Why Consumer Data Protection is Important?
It’s not just data breaches that are becoming a social issue. It is also the fact that data is being offered to and paid for by advertisers. From consumers to businesses and healthcare facilities to the military, the ability to access sensitive information whether it is personal, corporate or government has implications that should have everyone worried.
The 21st century has been a tumultuous period for cybercrime. The infographic below illustrates the largest data breaches in recent history with social networking sites experiencing some of the most detrimental attacks.
Here are some of the possible changes that should come into play to help protect consumers’ data:
Questionable Data Collection: Many people forget that technologies such as Alexa are also collecting information. Every time you ask a question, the technology is saving this information under the guise it will be better able to anticipate your needs. But as it is doing this it is also accessing and retrieving the information you might not even know has been “taken” from you. You don’t know what that information is, and you also don’t know how it will be used. The intent of data usage will have to become more transparent.
Paid for Data: This would be a mini-miracle, but there is also the possibility that because companies are making so much money from consumer data, that at some point it might be legislated they pay not only a company like Facebook to access your data, but that should your info be used, you also get a cut.
Changing Options: Right now, there is one privacy agreement consumers are asked to click that has a broad overview of data usage.
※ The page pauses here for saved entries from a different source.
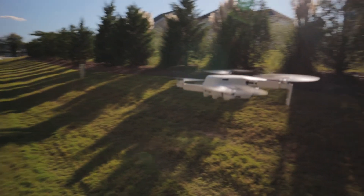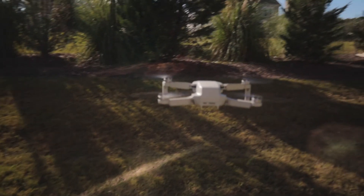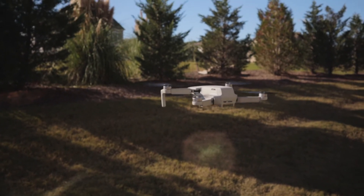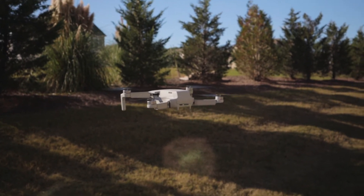I followed the previous recommendation to hover for about five minutes. After five minutes, I went ahead and went up to about 250 to 300 feet in height, right exactly above me. And when I moved the drone to the right or left, the error once again came back.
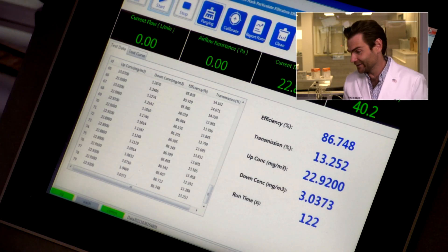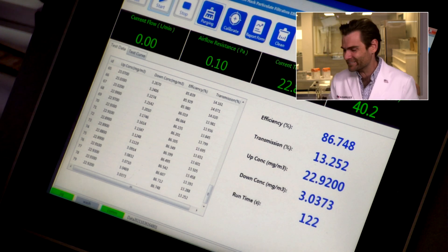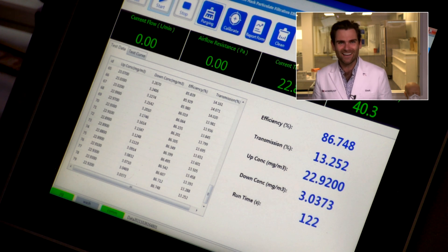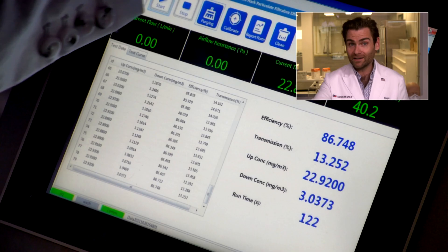Let's see — I haven't actually looked at the filtration result yet, so we're going to do this together. It's worse than the adult one: 86.748%. The crazy thing is Jennifer Garner — she has kids — and she's promoting these masks, and it fails very simple parts of the standard.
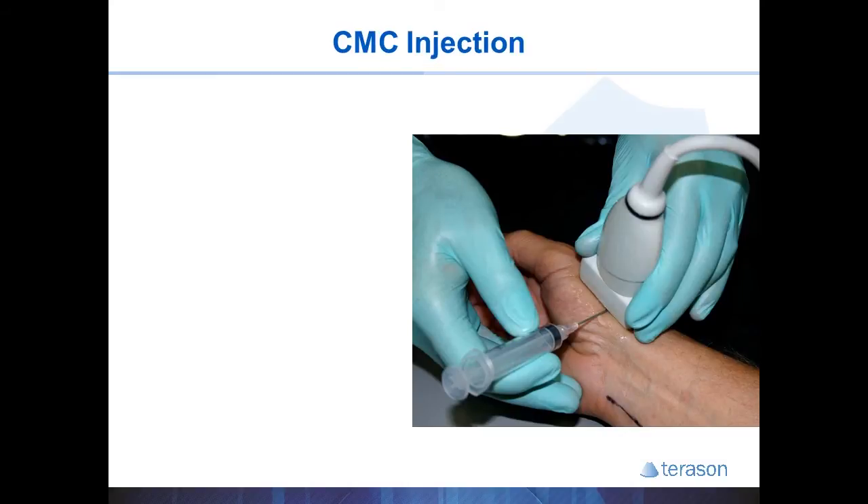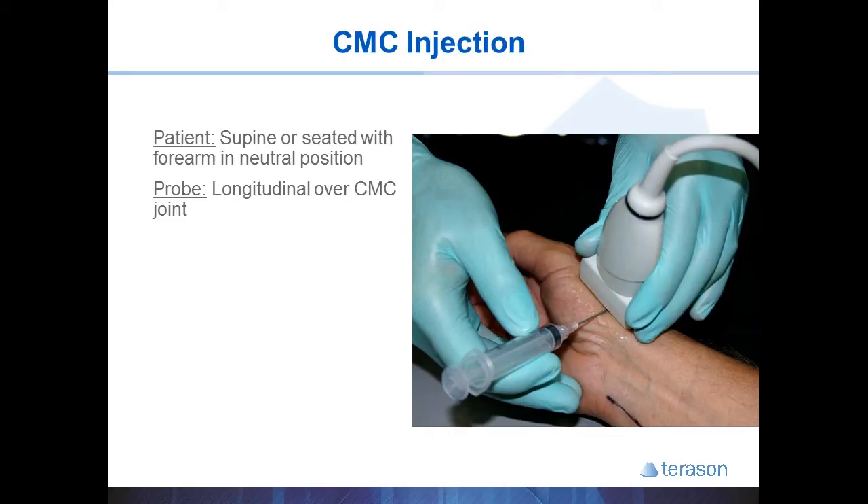The CMC joint of the thumb is a small and sometimes difficult joint to enter when there is a large amount of joint destruction and osteophytes present. You start by placing the patient's hand in a neutral position and place the probe so you see a long axis view of the first metacarpal bone. Then slowly slide the probe proximally until you see the CMC joint. The needle will use a short axis approach, typically coming from a palmar direction to avoid piercing the first dorsal compartment contents on the dorsal side of the probe.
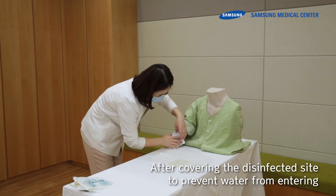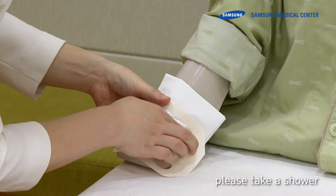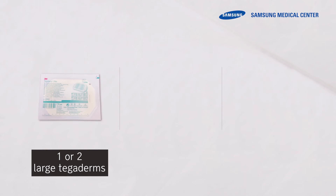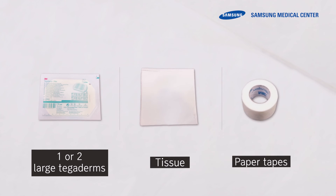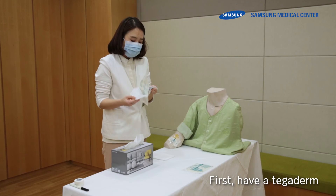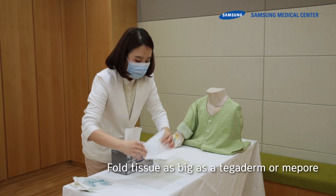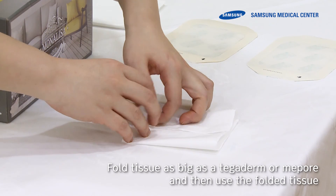After covering the disinfected site to prevent water from entering, you may take a shower. You will need one or two large Tegaderms, tissue, and tape. First, have a Tegaderm ready. Fold tissue to the same size as the Tegaderm or MedPor, and use the folded tissue.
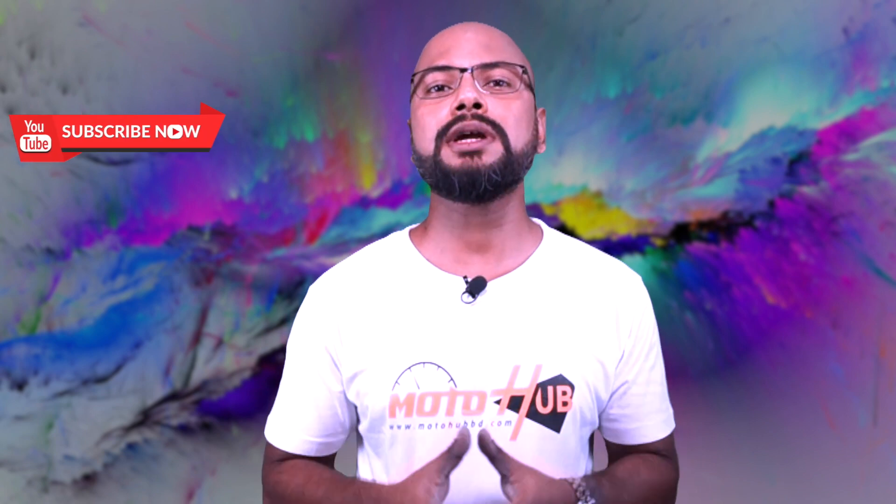Thank you. You will find more interesting videos on Gears Bangladesh. See you guys in our next video. Allah peace.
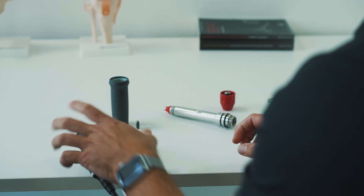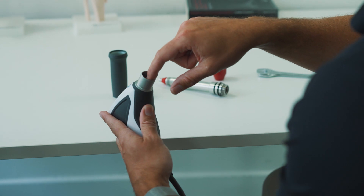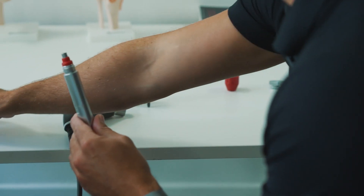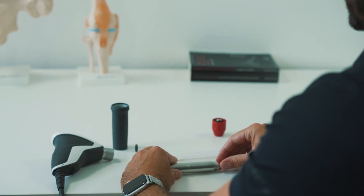Then, to clean your handpiece, clean around the inside of the barrel, removing any dust or debris that may have accumulated there. And, using your cleaning brush, clean down through the guide tube, again removing any dust or debris.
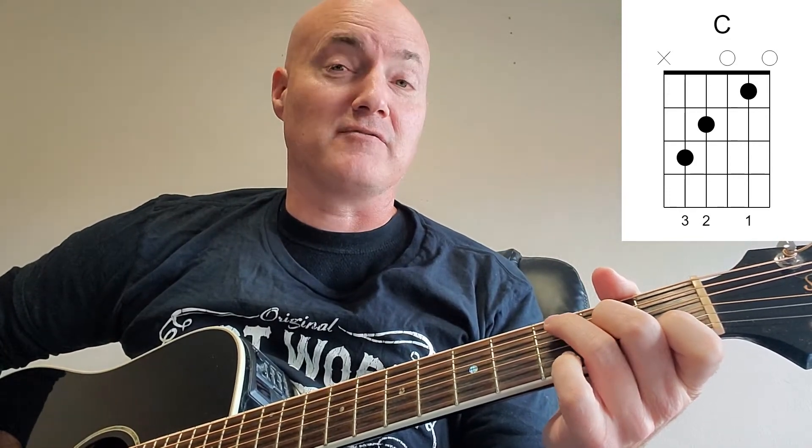Next chord: C. Check out the chord diagrams if you need any help with where to put your fingers. Put that first finger on the second string, first fret, skip a string, put that middle finger down on the fourth string, second fret, ring finger goes on the fifth string, third fret. Strum down from the fifth string on down. That's a C chord.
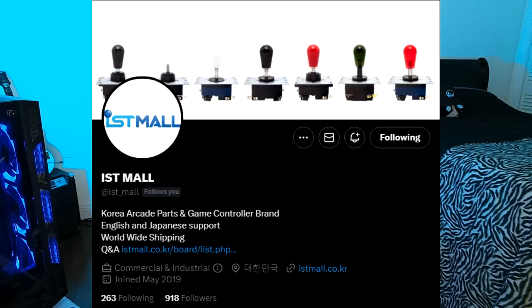Hey YouTube, I get a lot of questions all the time about what I play on, if I use a fight stick, what kind of fight stick it is, and I need to answer those questions. In the process of making this video, literally a few hours ago, I got a follow from IST Mall, so I have to make this video now. Long story short, let's get into it.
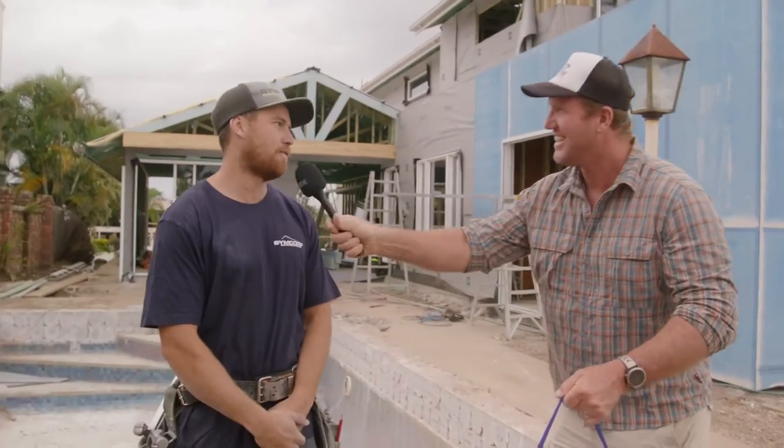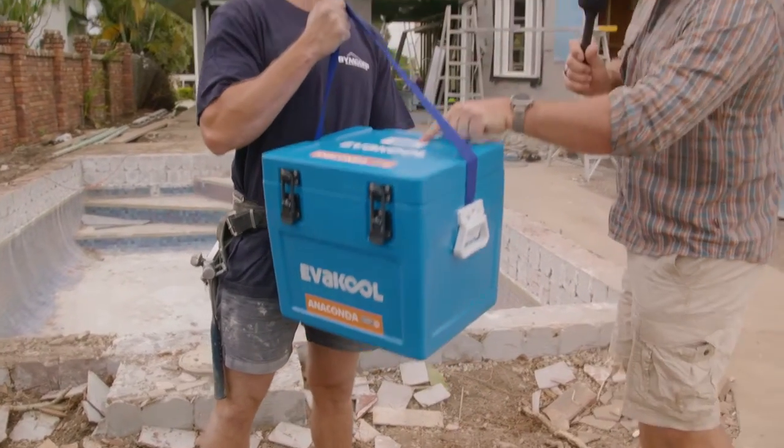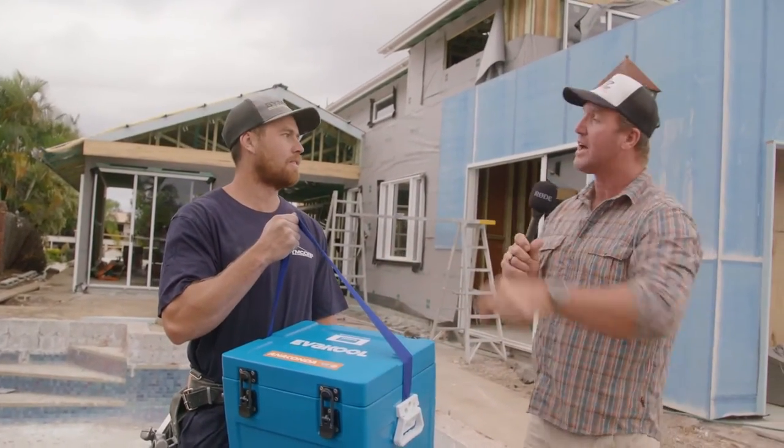You tough, mate? Very tough. This is tough too. This is the Evercool 24-litre polyethylene cabinet construction, and it's got a five-year national warranty, mate.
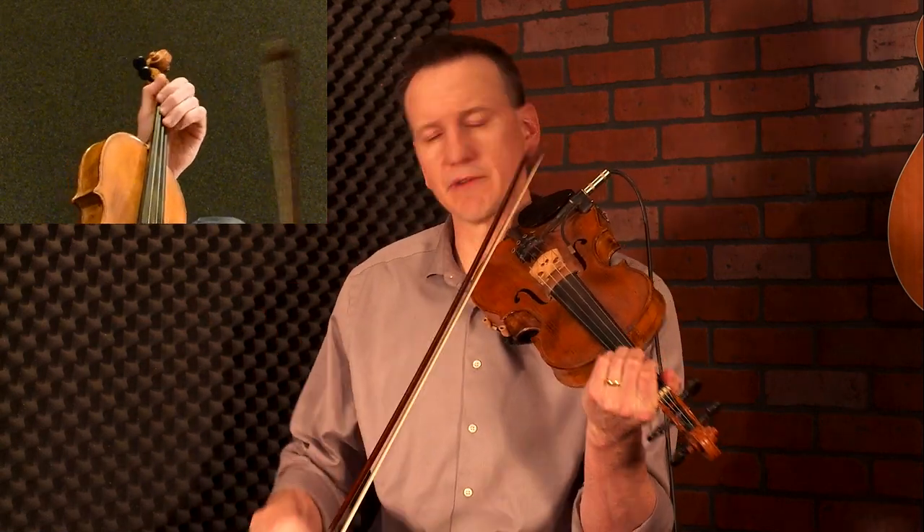So that first lick that we're going to repeat three times sounds like this. Okay, so it's a full arpeggio over G. Now we're dropping over an F chord — 2-0-2-3. And we just repeat that three times.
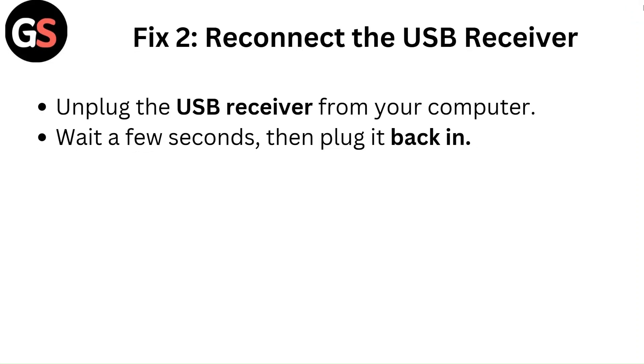Fix 2: Reconnect the USB receiver. Unplug the USB receiver from your computer. Wait a few seconds, then plug it back in.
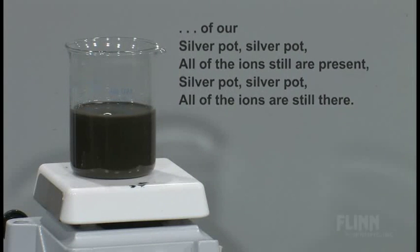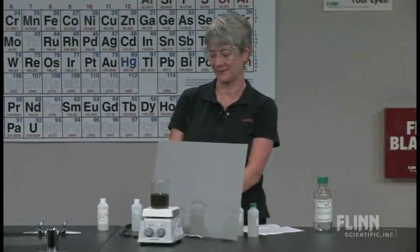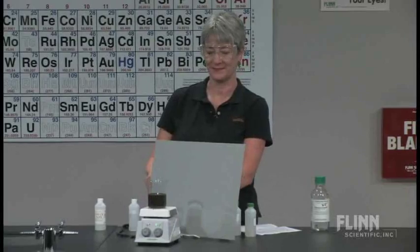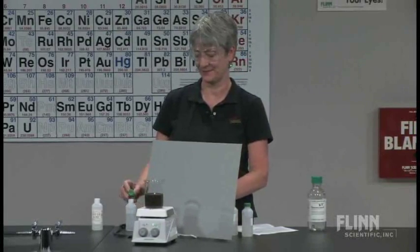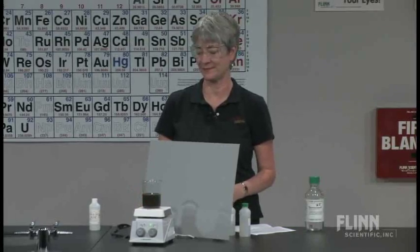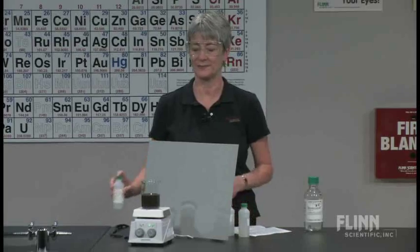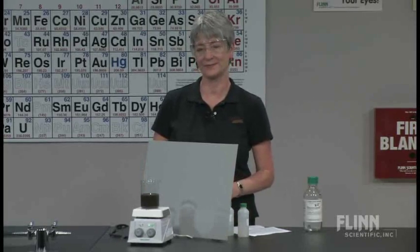Silver pot, silver pot, all of the ions still are present. Silver pot, silver pot, all of the ions are still there.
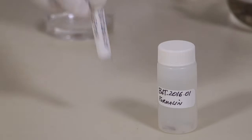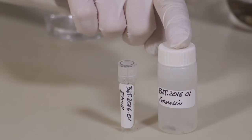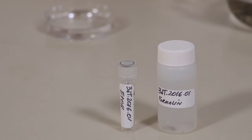I suggest you prepare two vials for each species you collect: one in formalin for morphological analysis and to identify the species, and one in ethanol for molecular analysis.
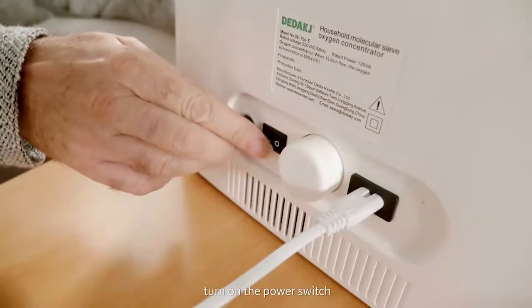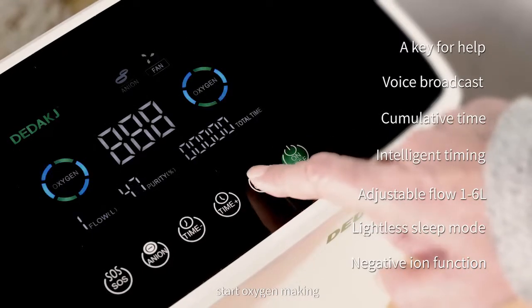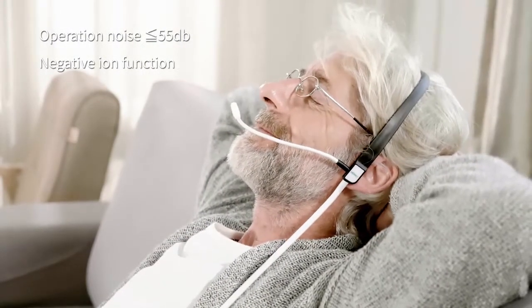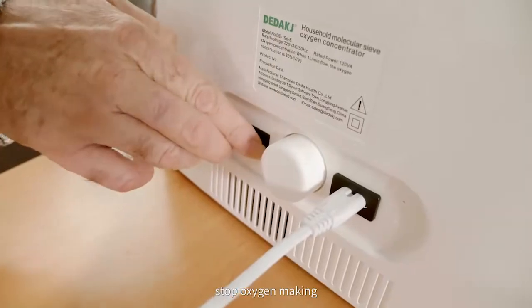Wear the oxygen absorber correctly. Turn on the power switch and press the ON key to start oxygen making. Press the OFF key to stop oxygen making.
It is possible that there will be changes made so you can click a number of choices that define how you are willing to share your date.
Consumer Protection: As with above, we should see some advancements that will be designed to collect information but ensure that consumer’s privacy and rights are protected. This will include avoiding decision making that could override consumer rights in the name of technology. Further legislation will also be put forward to protect consumers’ rights including ethical approaches to the use of data that will provide enforceable rules and regulations on usage.
Consumer Activism: As with any social progress, it is also up to consumers to voice their concerns and take action to protect their own rights. This can mean refusing to use platforms such as Facebook until changes are made.
Lost Income: There could be an impact on platforms such as Facebook if advertisers are unwilling to invest in advertising they view as less valuable. At the same time, companies that have come to depend on that precise targeting might feel they will lose business if they are less armed to reach who they need to with so much vital, deeply private information.
The list of data that can be affected by a breach is endless from gamers to health care providers. If you have personal information anywhere, data privacy has to be top of mind and you also have to remember that there is limited legislation that provides a clear outline of what can and cannot be done with that data. Reading privacy policies and any agreements a site asks you to read might seem meticulous, but it definitely deserves a good scan, so you know what you are allowing them to do with your information. On the flip side data breaches will also help drive companies to become more transparent when it comes to how they plan to use data. In other words, companies have to become more accountable.